Wednesday, April 25, 2007

Wall Street Journal's favorite example of what's wrong with the housing market

I am an avid Wall Street Journal reader (WSJ). I knew of its reputation as a conservative bastion of really boring stuff before I went to graduate school. But it was required reading at business school.

Now I am a huge fan (I just stay away from all the fancy financial stuff as well as the editorial pages). Lots of data, good insights, and really on top of trends.

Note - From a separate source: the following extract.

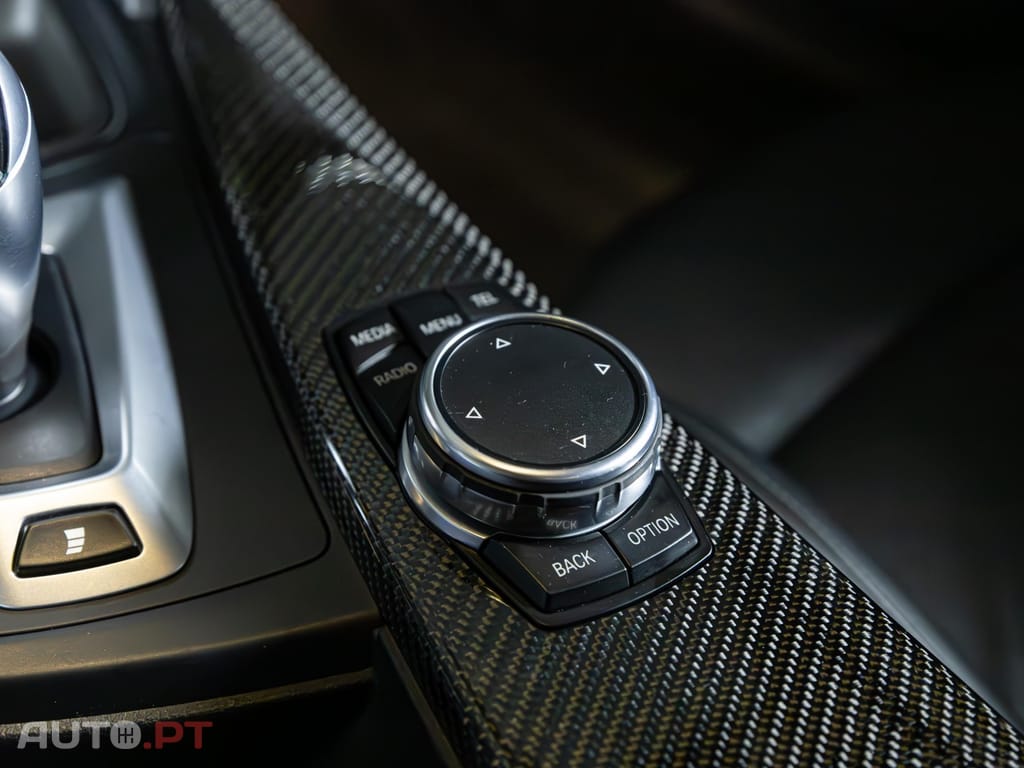 BMW M4 Auto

I have noticed Sacramento seems to make the WSJ on a monthly, and sometimes weekly basis, as the poster child for what is wrong with the housing market. We made the paper again today, with a 22% increase in inventory, prices on the way down, and of course all the loans going sour (page D1).

All this to say, if the WSJ, which I highly respect, thinks Sacramento is hurting......well then, I am just going to keep my down payment in the bank and earn some interest until I see signs of life in the housing market (and I am sure the WSJ will let me know when that time has come =)

1 comment:

patient renter said...

The WSJ is maybe as good as any mainstream media at staying ahead of what's going on, which is to say, they still tend to be far behind many bloggers and economists (Dean Baker comes to mind). Two examples that come to mind are the "shocking" and "unexpected" subprime meltdown and the "recent discovery" of mortgage fraud. It took a very very long time for the WSJ and other MSM to pick up on this stuff.